China Mulls Super Powerful Rocket Engine

A new super-powerful engine is being considered by Chinese engineers for the next generation of space rockets, according to officials.

Li Tongyu, general manager of marketing at the China Academy of Launch Vehicle Technology (CALT), told BBC News that engineers are currently analyzing a rocket engine with the thrust of 600 metric tons, burning an extremely potent liquid oxygen propellant.

If the development is a success, it would increase the country’s space capabilities exponentially.

Long March-5, China’s current most powerful rocket being developed, would have engine with 120 metric tons of thrust.

“Rockets (with 600-metric-ton thrust engines) would only be justified for things like sending humans to the Moon, if such projects are approved,” Tongyu told BBC News.

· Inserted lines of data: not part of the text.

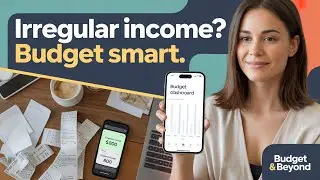 How to Budget on an Irregular Income Freelancers, Gig Workers, & Creators Guide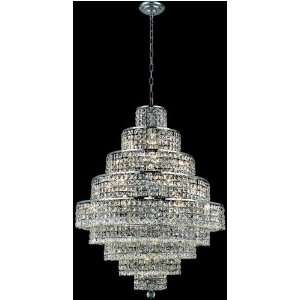  Dazzling diamond drip designed crystal chandelier lighting 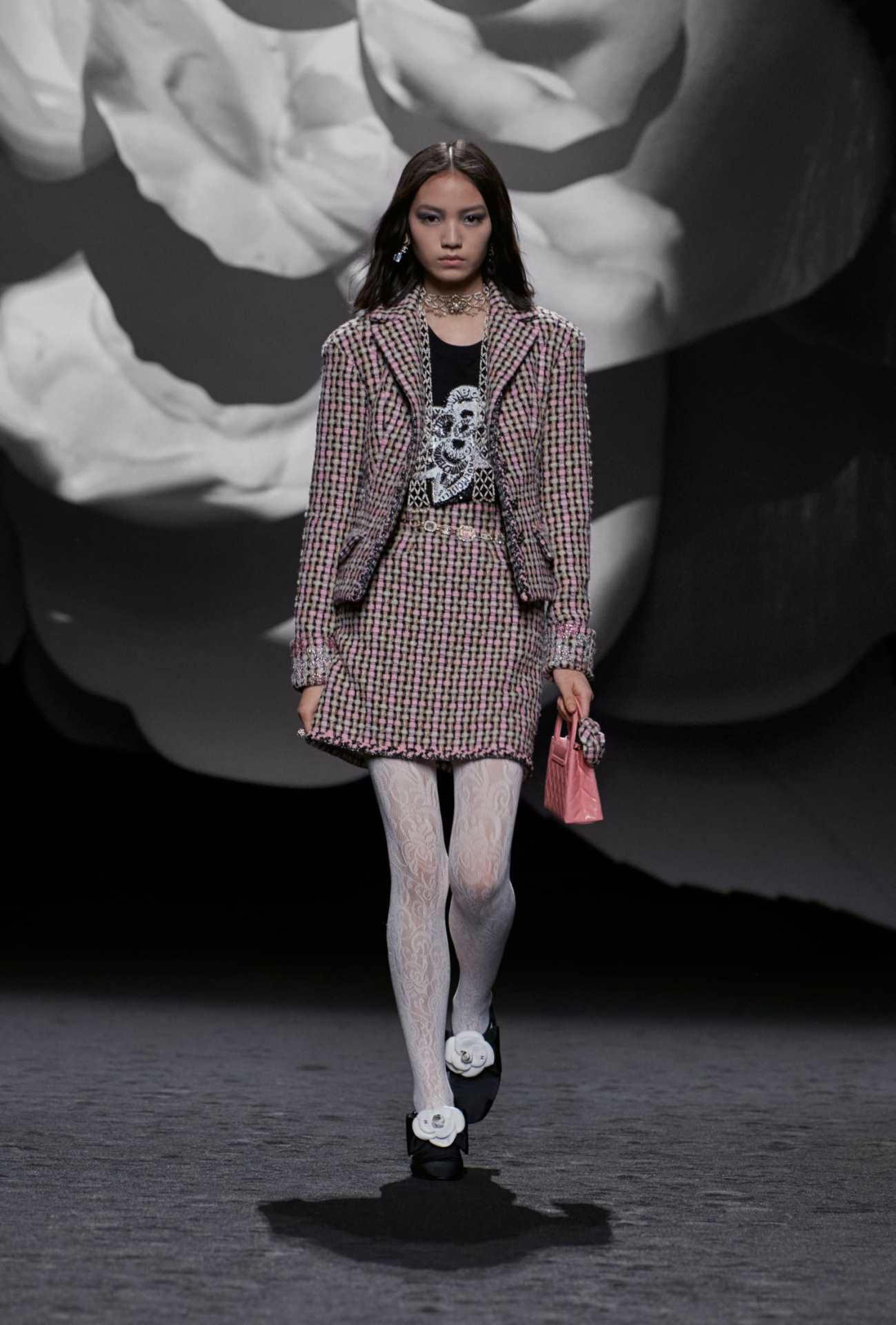 Chanel revija za jesen 2023. tjedan mode Pariz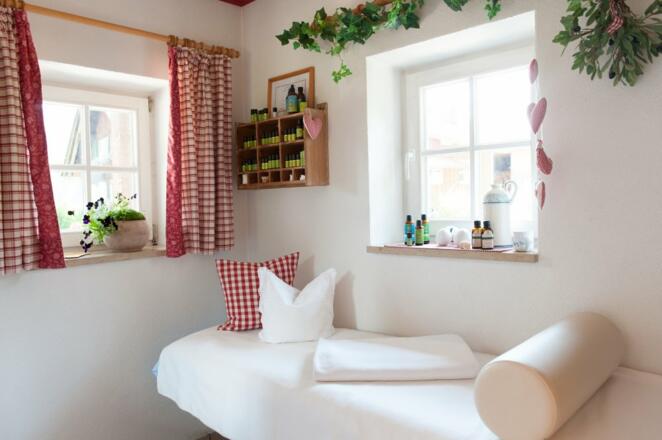 Waibelhof SPA Massagen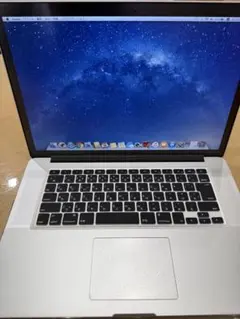 美品MacBook Pro Retina, 15-inch,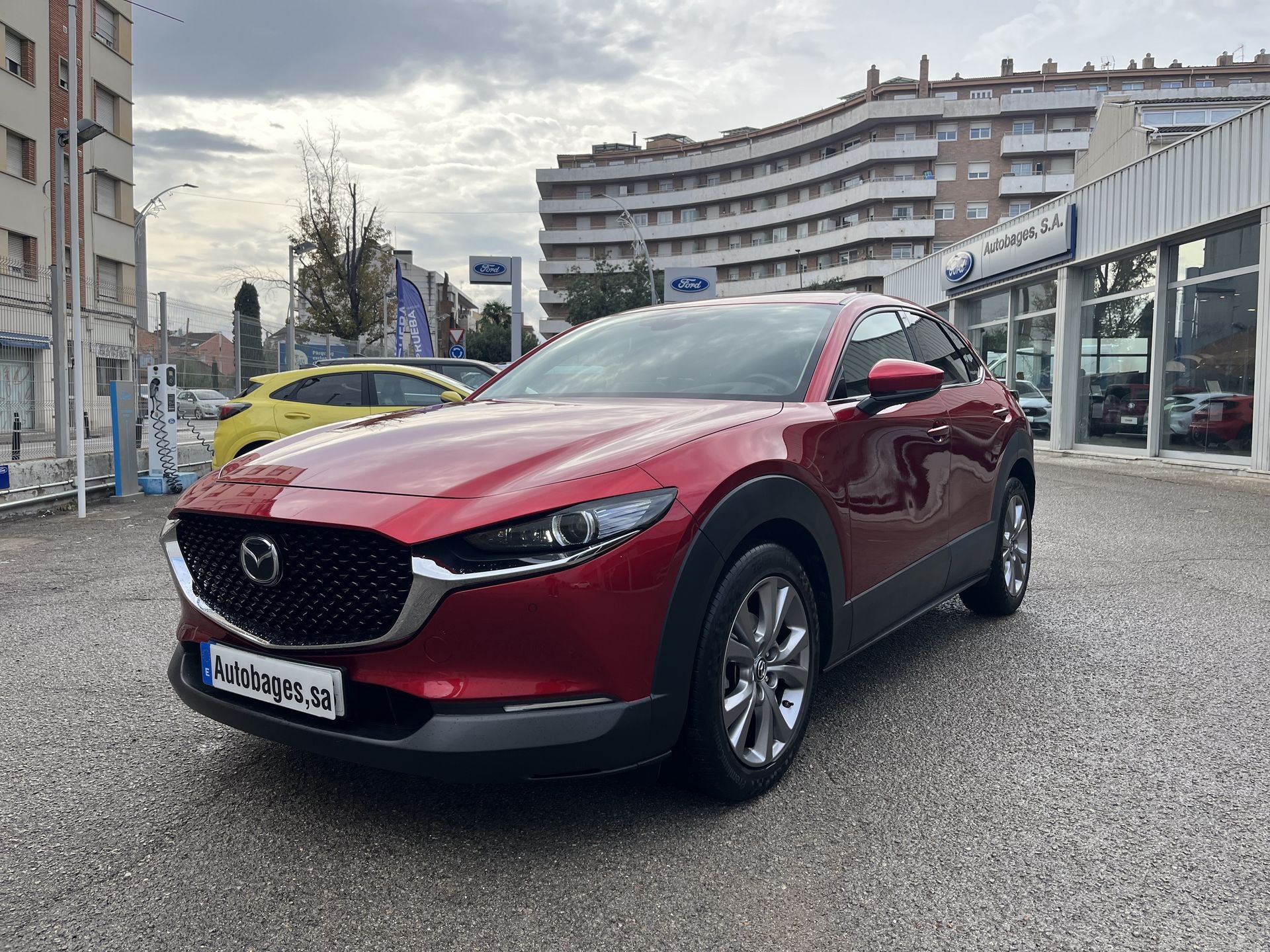 Imagen de MAZDA CX-30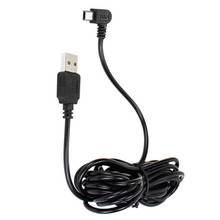 3.5M USB Type-A to Mini 5Pin Right Angle Charging Cable for GPS Navigator 2024 - buy cheap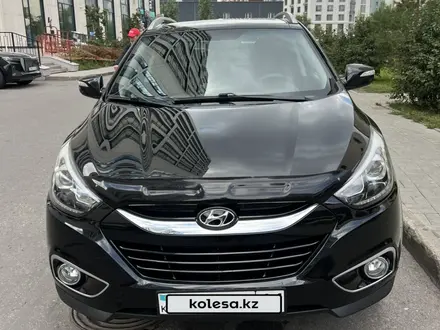 Hyundai Tucson 2015 года за 8 800 000 тг. в Астана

The official China Daily newspaper disclosed in March that CALT was studying a super-heavy launch vehicle, which could be used to launch lunar expeditions. CALT vice-president Liang Xiaohong was quoted by the paper as saying that a total lift-off of the future launcher would be 3,000 metric tons.

To produce such thrust, the first stage of the proposed rocket would need five 600-metric-ton engines, most likely distributed between one central engine and four boosters. The rocket would be similar to architecture adopted for the Long March-5 rocket, but on a much grander scale.

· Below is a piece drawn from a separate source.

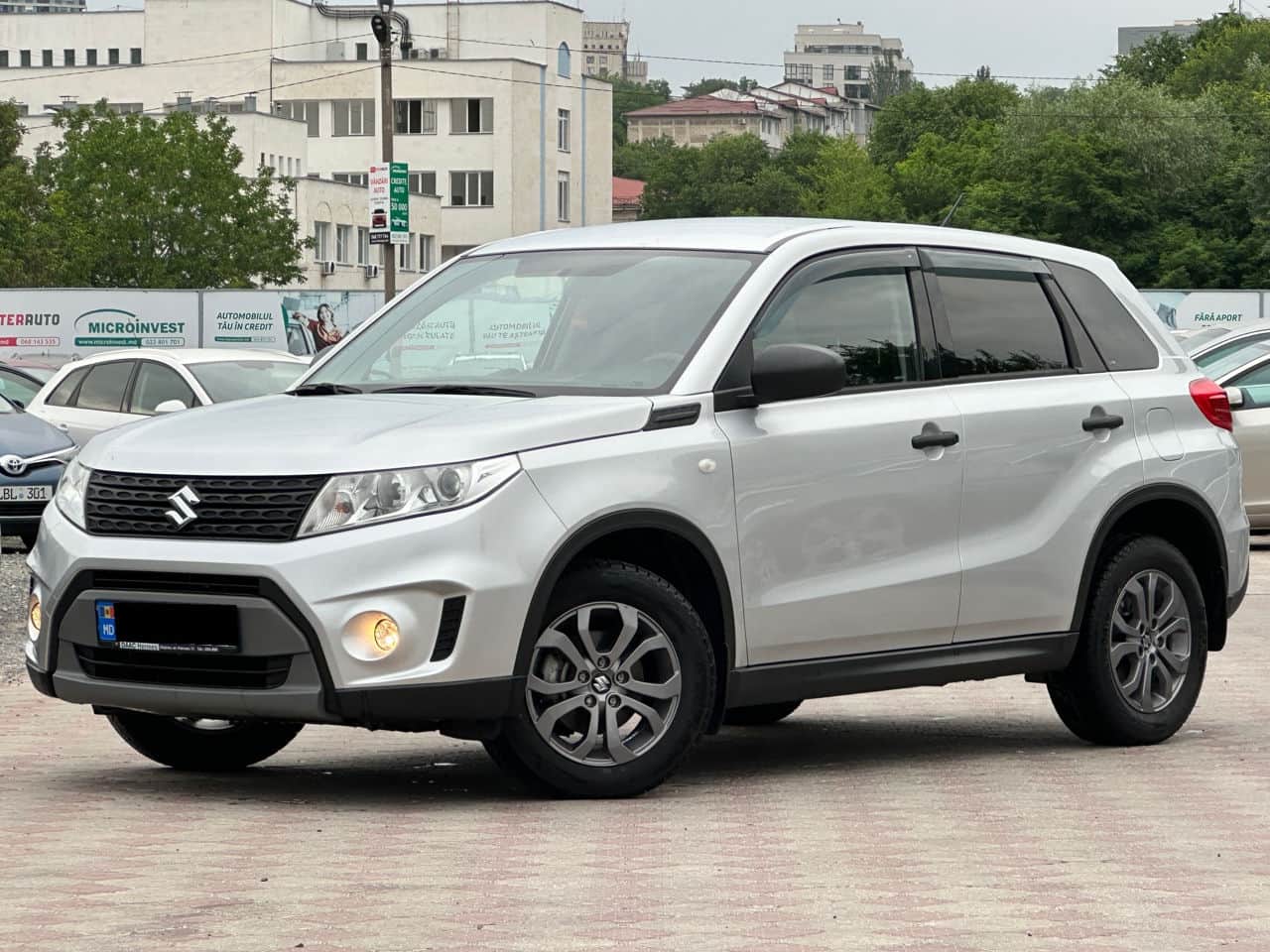 2018 Suzuki Vitara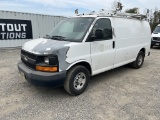 2009 Chevrolet Express Cargo Van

The development of the Long March-5 rocket is proceeding well toward its first test launch, currently expected in 2014, Tongyu said.

The vehicle’s first stage engine had already amassed more than 10,000 seconds of firing during testing — an important marker on the way to its certification for real missions. A full-scale prototype of the Long March 5 rocket would be ready for testing by 2012 and a year later, test firing of fully assembled rocket stages would be conducted.

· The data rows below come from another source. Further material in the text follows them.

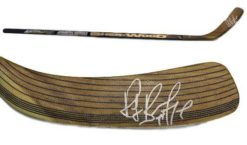 Ray Bourque Autographed Avalanche/Bruins Game Model Sherwood NHL Stick JSA 18882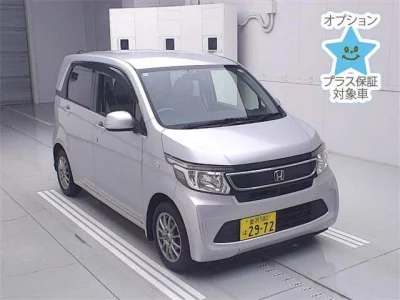 Honda N WGN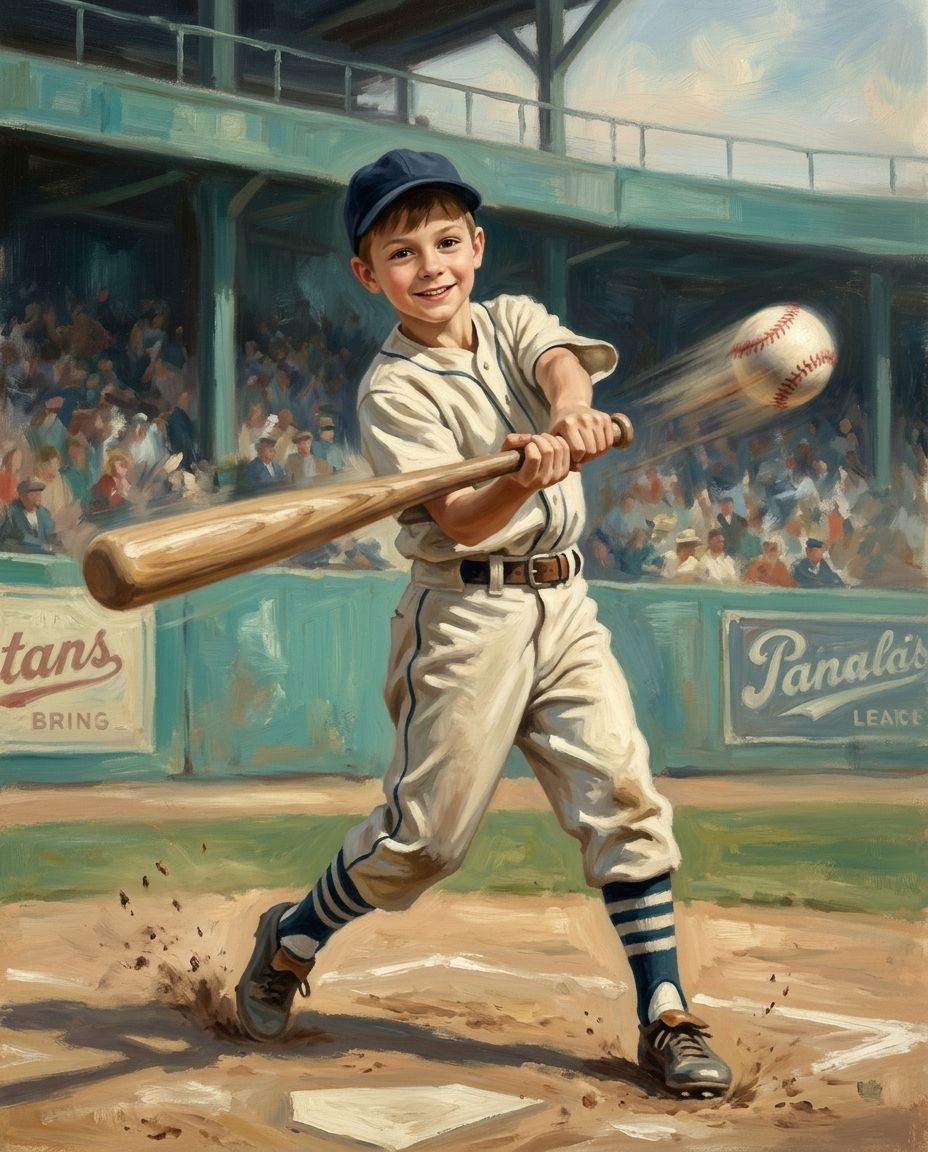 Baseball Player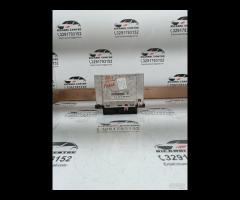 CENTRALINA MOTORE ECU SKODA FABIA 2018 1.0 TSI CHZ - 1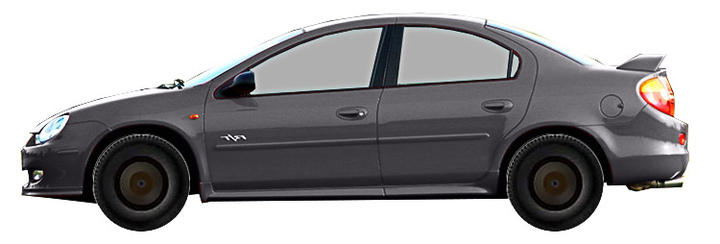 Диски DODGE Neon 2.0 R/T (2000-2005) R16
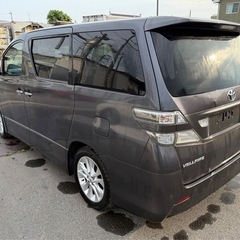 トヨタ　20ヴェルファイア　の画像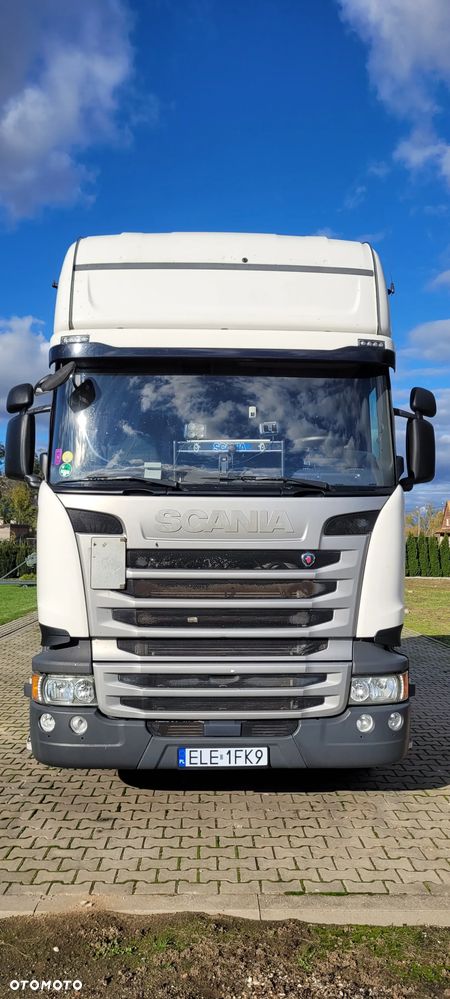 Scania R450 - 1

When operational, Long March-5 is expected to deliver up to 25 metric tons of payload, including space station modules to the low Earth orbit, and up to 14 metric tons to the so called geostationary transfer orbit, where most communications satellites are released after launch.

The rockets are expected to be built in new facilities near the Chinese capital of Beijing. The rocket stages would then be shipped to the launch site in southern China, where it would take advantage of the Earth rotation to maximize its cargo capabilities.

Along with Earth-orbiting satellites, the Long March-5 is expected to carry Chinese spacecraft into deep space, including unmanned missions to return soil samples from the Moon.

* Measurements used in this article are calculated in metric tons. US ton measurements are slightly greater. (1 metric ton = 1.1 US tons).